Final answer:
The heat expelled in one cycle of a two-cycle engine rated at 4500 Watts and 20 percent efficient, cycling 10 times a second, is 1800 Joules.
Step-by-step explanation:
To calculate the heat expelled per cycle by a two-cycle engine with a known power output and efficiency, we first need to understand that the efficiency of an engine (η) is given by the ratio of work output (M) to the heat input (Qh). Mathematically, this is expressed as η = W/Qh. Given that the engine is 20 percent efficient and operates at 4500 Watts, and it cycles 10 times a second, we can set up the following calculation.
Firstly, we need to determine the work done in one second by the engine, which can be gotten by multiplying the power output by 1 second because power is defined as work done per unit time (P = W/t). Thus, W = P × t = 4500 Watts × 1s = 4500 Joules.
Next, since the efficiency is 20%, meaning η = 0.20, we can calculate the heat input per second (Qh) using the efficiency formula η = W/Qh. Rearranging the equation, we get Qh = W/η. Then, Qh = 4500J/0.20 = 22500 Joules per second.

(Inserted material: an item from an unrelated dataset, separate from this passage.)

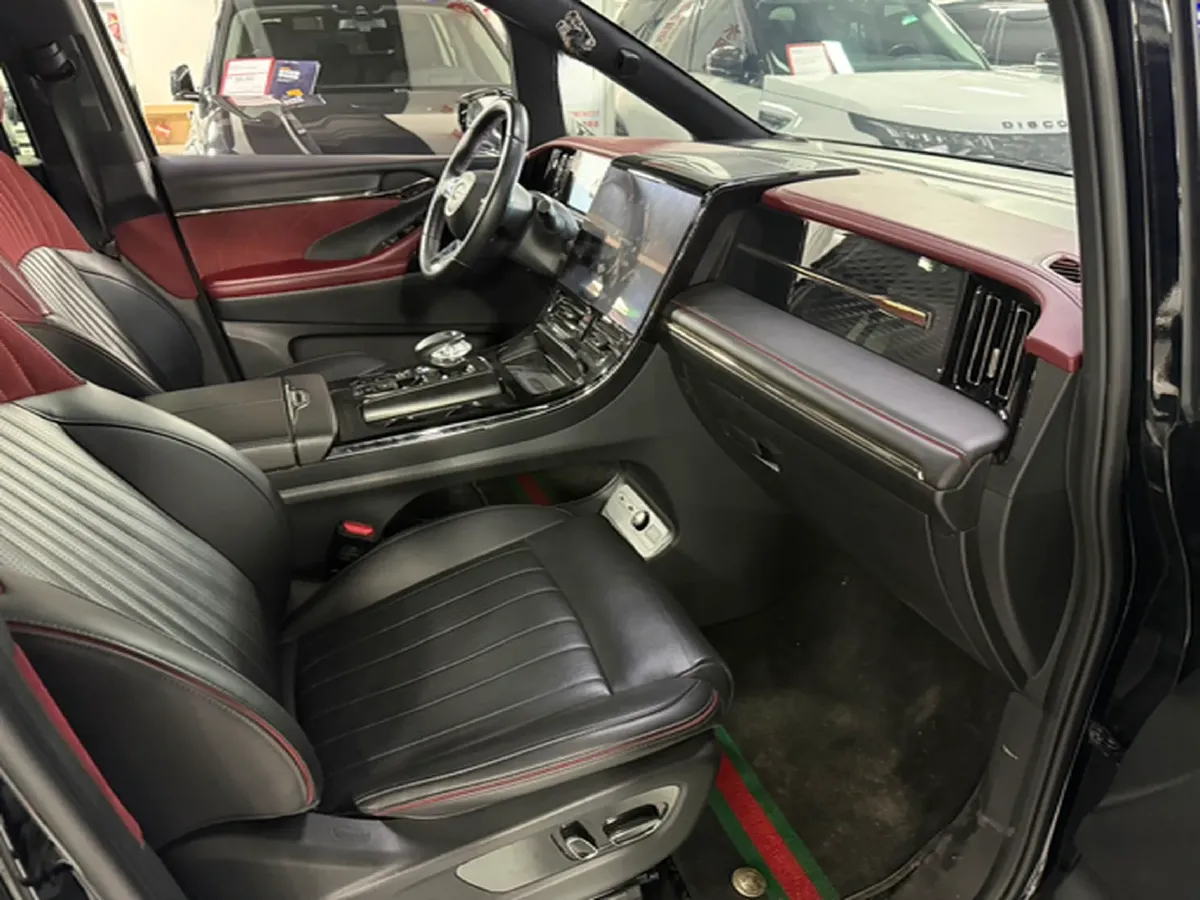 2024 GAC Trumpchi M8 2.0T 252HP L4 8AT,autocango,china used car exporter,china ev exporter,chinese used car exporter,chinese used ev exporter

Given that the engine cycles 10 times per second, the heat input per cycle is Qh per cycle = Qh per second / number of cycles per second = 22500J / 10 = 2250 Joules per cycle.
Now, using the first law of thermodynamics, which states that the heat input (Qh) equals the work done (W) plus the heat expelled (Qc), we get Qc = Qh - W. Therefore, for one cycle, Qc per cycle = Qh per cycle - W per cycle = 2250J - 450J = 1800 Joules.
In conclusion, the heat expelled in one cycle by the two-cycle engine is 1800 Joules.